Nov 25, 2016

Tradecraft: Accident Man Goes from Comic to Movie

Huh! This is a bit of news I never expected to report. But, according to Deadline, the early Nineties indie comic Accident Man is being made into a movie! That’s about as culty as it gets. I was a fan of the comic in its final incarnation, at Dark Horse (attracted by those awesome Howard Chaykin covers), and even I had forgotten about it entirely until reading this. So kudos to someone’s agent! The comic, by Pat Mills and Tony Skinner, originated in the UK monthly Toxic! where it ran three storylines before that aforementioned 3-issue miniseries ended up at Dark Horse. Titan ended up collecting the entire saga in a very handsome hardcover. It was about an assassin who, like The Mechanic, specializes in making deaths look like accidents. Like all of Mills’ work, however, it was satirical, absurd, and quite funny. And despite the fact that the hero is an assassin and not a spy, it seriously traded (especially in that later incarnation) on James Bond imagery (as you can tell by the Chaykin cover pictured) and tropes.
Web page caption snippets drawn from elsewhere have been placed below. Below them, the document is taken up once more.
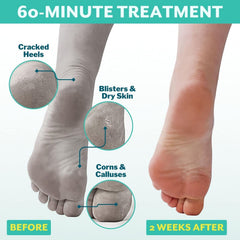 Patchology PoshPeel Pedi Cure: aplicación para pies, resultado suave tras la sesión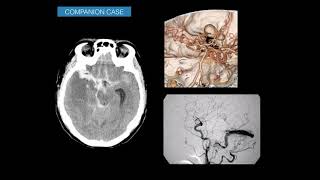 Imaging subarachnoid hemorrhage [upl. by Leede]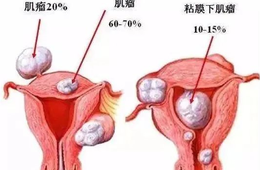 子宫肌瘤多大需要手术？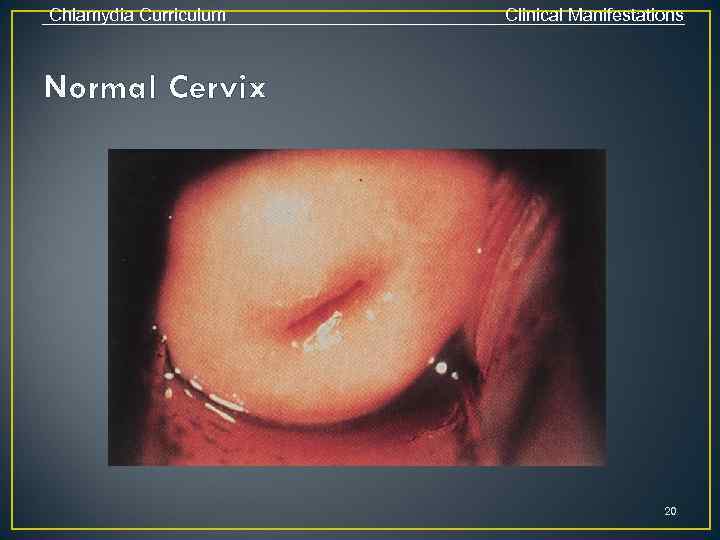 Chlamydia Curriculum Clinical Manifestations Normal Cervix 20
The initial Deadline story specifically reported on the casting of Twilight’s Ashley Greene in the female lead, but a quick check of IMDb revealed Scott Adkins (The Bourne Ultimatum, Criminal) listed as playing suave killer Mike Fallon. A few days later, in a separate story, the trade confirmed Adkins as the star, along with Ray Stevenson (The Transporter Refuelled), David Paymer (Jack Ryan: Shadow Recruit), Amy Johnston (Option Zero), Ray Park (Ballistic: Ecks vs. Sever) and Michael Jai White (Black Dynamite). Here’s how Deadline describes the film:
Said to have a Deadpool-esque tone, the story centers on the life of Mike Fallon, a high-class hitman, known for making assassinations look like unfortunate accidents. Fallon’s cavalier attitude changes the day his ex-girlfriend, Beth is murdered. He teams up with Beth’s new girlfriend Charlie (Greene) on a murderous rampage to find out who killed her.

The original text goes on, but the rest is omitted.